Petitioner maintains that the income earned by
respondent is taxable in the Philippines because the source
thereof is JUBANITEX, a domestic corporation located in
the City of Makati. It thus implied that source of income
means the physical source where the income came from. It
further argued that since respondent is the President of
JUBANITEX, any remuneration she received from said
corporation should be construed as payment of her overall
managerial services to the company and should not be
interpreted as a compensation for a distinct and separate
service as a sales commission agent.
Respondent, on the other hand, claims that the income
she received was payment for her marketing services. She
contended that income of nonresident aliens like her is
subject to tax only if the source of the income is within the
Philippines.

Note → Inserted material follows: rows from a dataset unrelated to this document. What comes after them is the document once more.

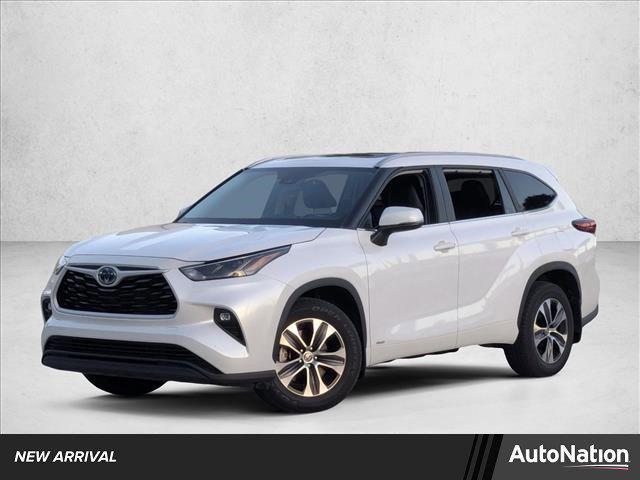 used 2023 Toyota Highlander Hybrid car, priced at $41,990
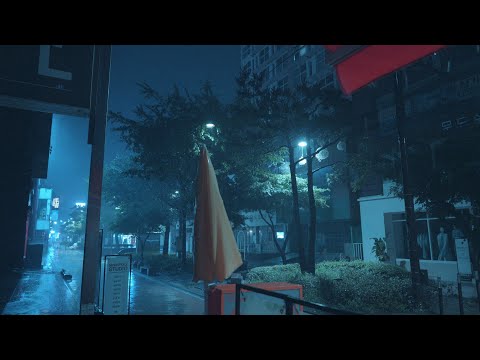 [4K] 폭우와 천둥,번개, 비바람 때문에 움직일 수 없다. 어느 상가에 비를 피하는 수 밖에.  비바람을 피하며 빗소리에 젖어본다.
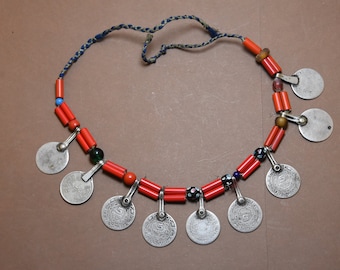 collier berbère en verre ancienne subsaharienne avec des vieilles pièces de monnaie (HASANI) argent et old beads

Source, according to respondent is the situs of
the activity which produced the income. And since the
source of her income were her marketing activities in
Germany, the income she derived from said activities is not
subject to Philippine income taxation.
The issue here is whether respondents sales commission
income is taxable in the Philippines.
Pertinent portion of the National Internal Revenue Code
(NIRC), states:

SEC. 25. Tax on Nonresident Alien Individual.


(A) Nonresident Alien Engaged in Trade or Business Within
the Philippines.
(1) In General.A nonresident alien individual engaged in trade or
business in the Philippines shall be subject to an income tax in the same
manner as an individual citizen and a resident alien individual, on
taxable income received from all

_______________

9 Resolution dated May 8, 2002 Rollo, pp. 5961.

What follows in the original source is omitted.